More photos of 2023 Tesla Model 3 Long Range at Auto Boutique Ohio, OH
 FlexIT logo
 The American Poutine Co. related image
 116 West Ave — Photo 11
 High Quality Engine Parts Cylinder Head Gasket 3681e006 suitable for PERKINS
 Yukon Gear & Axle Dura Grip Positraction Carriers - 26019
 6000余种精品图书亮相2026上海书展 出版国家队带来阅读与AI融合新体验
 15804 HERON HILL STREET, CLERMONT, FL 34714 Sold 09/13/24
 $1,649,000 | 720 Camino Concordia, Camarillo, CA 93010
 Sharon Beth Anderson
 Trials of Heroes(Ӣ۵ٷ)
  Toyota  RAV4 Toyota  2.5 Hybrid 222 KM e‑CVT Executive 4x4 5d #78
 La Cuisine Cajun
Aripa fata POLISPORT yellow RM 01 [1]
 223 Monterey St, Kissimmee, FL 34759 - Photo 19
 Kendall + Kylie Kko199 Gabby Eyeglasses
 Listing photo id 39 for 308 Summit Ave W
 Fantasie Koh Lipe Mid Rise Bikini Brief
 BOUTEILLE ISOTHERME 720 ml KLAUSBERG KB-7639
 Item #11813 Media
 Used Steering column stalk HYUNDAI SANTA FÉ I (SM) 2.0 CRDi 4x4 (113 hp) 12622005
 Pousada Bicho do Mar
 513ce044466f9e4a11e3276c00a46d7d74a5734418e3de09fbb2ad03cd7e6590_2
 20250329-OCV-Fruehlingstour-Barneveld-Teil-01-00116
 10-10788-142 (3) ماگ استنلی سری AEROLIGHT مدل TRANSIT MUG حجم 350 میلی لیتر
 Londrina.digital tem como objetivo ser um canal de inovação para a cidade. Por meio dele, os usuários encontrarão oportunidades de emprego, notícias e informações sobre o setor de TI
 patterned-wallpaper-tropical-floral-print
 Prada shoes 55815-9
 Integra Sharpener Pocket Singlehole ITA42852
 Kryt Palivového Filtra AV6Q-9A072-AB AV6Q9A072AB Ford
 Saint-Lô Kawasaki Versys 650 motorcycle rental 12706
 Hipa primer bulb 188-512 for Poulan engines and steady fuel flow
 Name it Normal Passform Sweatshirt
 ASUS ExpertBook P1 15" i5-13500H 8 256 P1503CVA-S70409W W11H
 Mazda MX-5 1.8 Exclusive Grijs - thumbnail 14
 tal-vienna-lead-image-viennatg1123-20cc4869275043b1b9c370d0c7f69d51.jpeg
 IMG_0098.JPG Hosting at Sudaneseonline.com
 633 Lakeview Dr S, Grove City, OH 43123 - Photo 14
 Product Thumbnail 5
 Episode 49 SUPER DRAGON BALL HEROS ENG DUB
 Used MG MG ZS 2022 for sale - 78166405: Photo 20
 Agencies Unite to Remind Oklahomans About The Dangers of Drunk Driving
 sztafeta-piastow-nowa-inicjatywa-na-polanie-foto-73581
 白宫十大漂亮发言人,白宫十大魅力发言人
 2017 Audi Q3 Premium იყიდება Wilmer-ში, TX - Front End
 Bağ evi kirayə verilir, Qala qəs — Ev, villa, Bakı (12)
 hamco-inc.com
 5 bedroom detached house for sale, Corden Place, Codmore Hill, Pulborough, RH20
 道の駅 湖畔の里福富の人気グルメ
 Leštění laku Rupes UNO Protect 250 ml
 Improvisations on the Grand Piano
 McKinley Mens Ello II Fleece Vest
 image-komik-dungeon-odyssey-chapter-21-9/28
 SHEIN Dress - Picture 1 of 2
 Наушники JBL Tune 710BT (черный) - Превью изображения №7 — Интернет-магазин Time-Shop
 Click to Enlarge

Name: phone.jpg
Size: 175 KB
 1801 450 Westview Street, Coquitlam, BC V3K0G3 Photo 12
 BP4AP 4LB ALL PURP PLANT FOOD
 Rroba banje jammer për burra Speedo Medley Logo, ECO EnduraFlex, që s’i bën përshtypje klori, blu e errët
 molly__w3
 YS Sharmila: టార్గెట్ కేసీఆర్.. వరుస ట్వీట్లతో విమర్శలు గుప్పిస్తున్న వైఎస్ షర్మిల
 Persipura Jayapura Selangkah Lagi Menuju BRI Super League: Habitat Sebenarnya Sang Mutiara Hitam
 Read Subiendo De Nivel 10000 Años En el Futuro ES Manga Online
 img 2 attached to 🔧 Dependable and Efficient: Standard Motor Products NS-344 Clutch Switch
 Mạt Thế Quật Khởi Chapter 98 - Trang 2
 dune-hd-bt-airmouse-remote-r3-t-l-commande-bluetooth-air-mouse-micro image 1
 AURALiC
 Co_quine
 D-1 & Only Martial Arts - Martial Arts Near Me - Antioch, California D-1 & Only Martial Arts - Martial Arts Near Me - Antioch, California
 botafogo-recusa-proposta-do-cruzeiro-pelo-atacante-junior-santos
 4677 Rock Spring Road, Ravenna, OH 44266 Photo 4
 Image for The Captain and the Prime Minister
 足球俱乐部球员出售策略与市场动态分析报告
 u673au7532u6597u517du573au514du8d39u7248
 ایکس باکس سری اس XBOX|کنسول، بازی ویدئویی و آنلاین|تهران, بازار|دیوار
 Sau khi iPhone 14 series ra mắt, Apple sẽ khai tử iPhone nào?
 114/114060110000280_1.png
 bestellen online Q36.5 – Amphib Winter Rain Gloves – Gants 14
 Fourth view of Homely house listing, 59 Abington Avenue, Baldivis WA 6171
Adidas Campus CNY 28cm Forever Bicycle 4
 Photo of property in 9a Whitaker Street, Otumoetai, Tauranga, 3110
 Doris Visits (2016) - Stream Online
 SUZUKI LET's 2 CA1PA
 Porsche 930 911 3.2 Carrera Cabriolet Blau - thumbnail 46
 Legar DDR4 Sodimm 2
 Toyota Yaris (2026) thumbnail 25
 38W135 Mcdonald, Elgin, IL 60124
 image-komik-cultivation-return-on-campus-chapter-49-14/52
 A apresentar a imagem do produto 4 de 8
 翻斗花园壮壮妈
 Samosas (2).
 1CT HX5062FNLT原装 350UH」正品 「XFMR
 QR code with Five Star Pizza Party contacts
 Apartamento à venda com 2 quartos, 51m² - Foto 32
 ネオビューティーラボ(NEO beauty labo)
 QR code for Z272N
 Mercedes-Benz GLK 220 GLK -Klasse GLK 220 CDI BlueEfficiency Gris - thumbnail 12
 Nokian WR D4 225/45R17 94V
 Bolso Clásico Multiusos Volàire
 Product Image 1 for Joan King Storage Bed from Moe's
★ ★ ★ ★ ★
→ **YOUR TASK**: Your answer must consist only of the lines from the one with "Toyota Yaris (2026) thumbnail 25" through the final line of the entries, each retyped exactly.

→ **OUTPUT FOR THIS EXERCISE**:
 Toyota Yaris (2026) thumbnail 25
 38W135 Mcdonald, Elgin, IL 60124
 image-komik-cultivation-return-on-campus-chapter-49-14/52
 A apresentar a imagem do produto 4 de 8
 翻斗花园壮壮妈
 Samosas (2).
 1CT HX5062FNLT原装 350UH」正品 「XFMR
 QR code with Five Star Pizza Party contacts
 Apartamento à venda com 2 quartos, 51m² - Foto 32
 ネオビューティーラボ(NEO beauty labo)
 QR code for Z272N
 Mercedes-Benz GLK 220 GLK -Klasse GLK 220 CDI BlueEfficiency Gris - thumbnail 12
 Nokian WR D4 225/45R17 94V
 Bolso Clásico Multiusos Volàire
 Product Image 1 for Joan King Storage Bed from Moe's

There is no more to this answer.